When taxpayers ask what they should know about a 1031 exchange, I suggest reading this brief article to attempt to cover four key target areas that match up with the characteristics of their transaction. Every 1031 exchange is different though they are all either a forward or reverse exchange, meaning that the old property is sold before the new or in a reverse, the new is acquired before the old is sold with both types of exchanges completed within 180 calendar days. They also share the goal of deferring the capital gain though partial 1031 exchanges may be the desired outcome when not all the exchange proceeds or debt retired is replaced. When you think all bases are covered, there are the exceptions to the rules that are reviewed given the taxpayer’s 1031 exchange specifics.
Equal to or Greater
Often the misconception is that only the net profit needs to be reinvested in the replacement property. When selling property without debt, this is true. When selling property with debt, the debt retired must be replaced, along with the net equity. The replacement property must be equal to or greater than the net selling price of the relinquished property; otherwise, the IRS considers a benefit has been received. The benefit is that the taxpayer has received cash as in equity boot or a reduction in indebtedness or mortgage boot. Boot is taxable. Additional cash always offsets debt, but additional debt does not offset cash.
Same Taxpayer
The taxpayer who sells is the taxpayer who buys or the tax return that sells is the tax return that buys. This rule can become an issue when in a multi-member limited liability company, not all members want to initiate a 1031 exchange. A drop and swap strategy may be imposed to dissolve the limited liability company to the names of the individual members, known as tenants in common, and proceed with entering into the purchase and sale agreement and closing. By holding title as tenants in common, the members who want to initiate a 1031 exchange can while the others members may cash out and pay the tax. If a wife is on title in a non-community property state, then the wife must acquire the replacement property. If she wants to have her husband on the deed, she may execute a quit claim.
45 Day Identification
Should the 1031 exchange not be completed by the 45th calendar day post-closing, an identification of the potential replacement properties must be submitted, preferably to the qualified intermediary. Three properties regardless of value may be identified or following the two hundred percent rule, four or more with the total fair market value not exceed two hundred percent of what was sold. If by 11:59 PM of the 45th calendar day, the identification form is not submitted, then the 1031 exchange fails and the exchange proceeds are returned on the next business day. If property is identified and does not close within the 180th calendar day, the exchange fails and the funds are returned on the next business day. If at no fault of the taxpayer, none of the properties identified close, the funds still must be held until the 180th calendar day.

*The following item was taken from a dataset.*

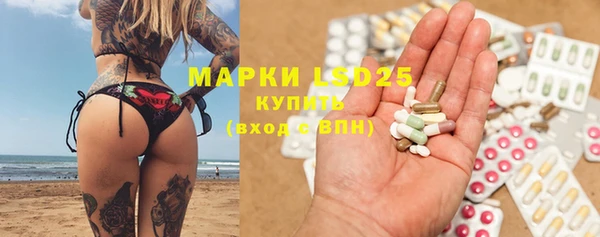 ECSTASY Богородицк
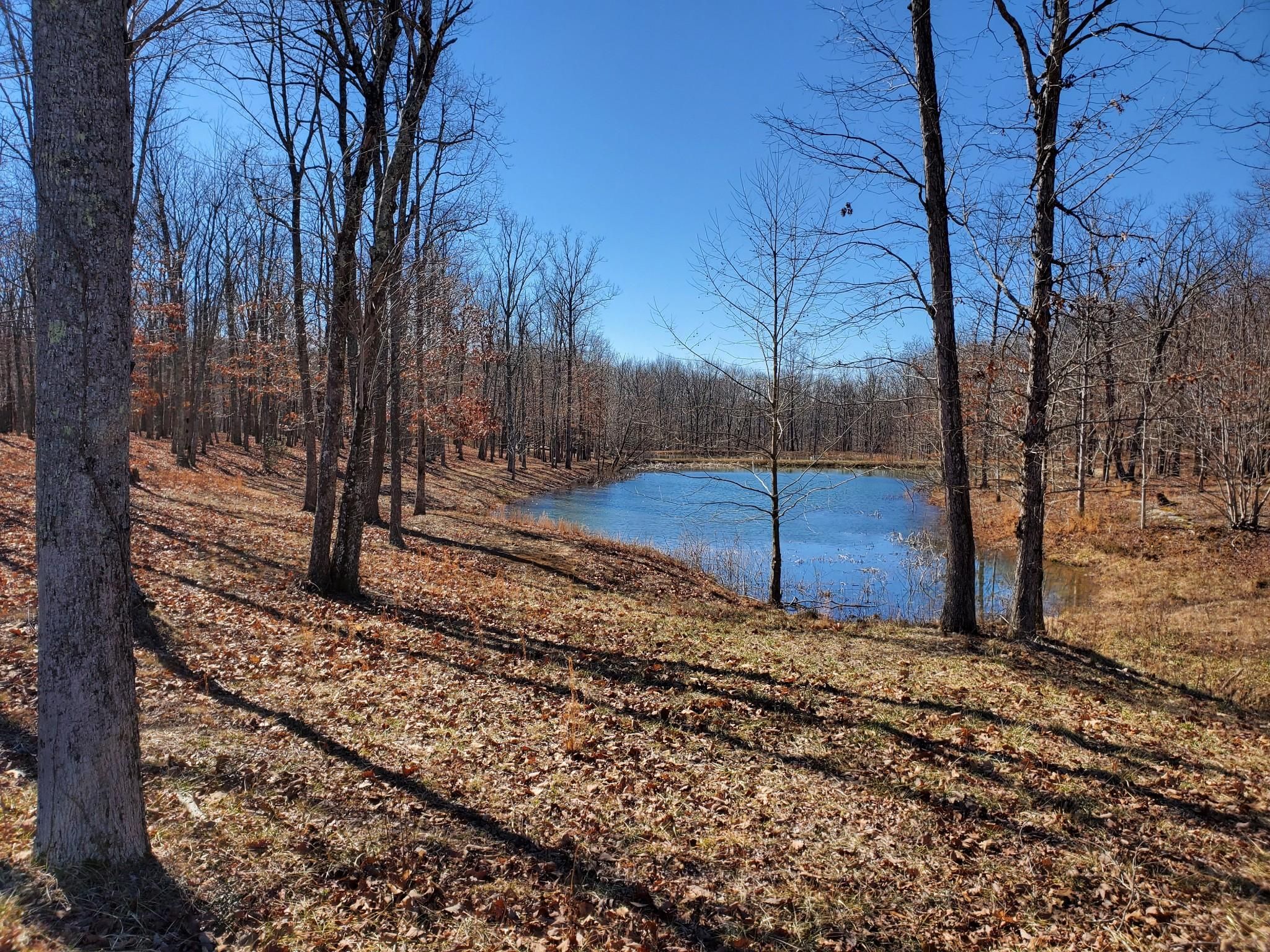 7.36 acres in Grundy County, Tennessee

Property Ineligible for 1031 Replacement Property
The 1031 exchange tax deferral is intended for either real property or tangible or intangible personal property held in the productive use of a trade, business or for investment. Personal use must be minimal; consequently vacation properties may only be considered eligible for 1031 exchanges given personal use does not exceed 14 overnights per year. Revenue Procedure 2008-16 provides the IRS requirements. Primary residences, inventory, securities, partnership interests and indebtedness are not eligible for 1031 exchanges. Revenue Ruling 99-6 provides the exception regarding partnership interests.
Other rules include disqualified persons, related parties, like kind for like kind property and the requirement to use a qualified intermediary.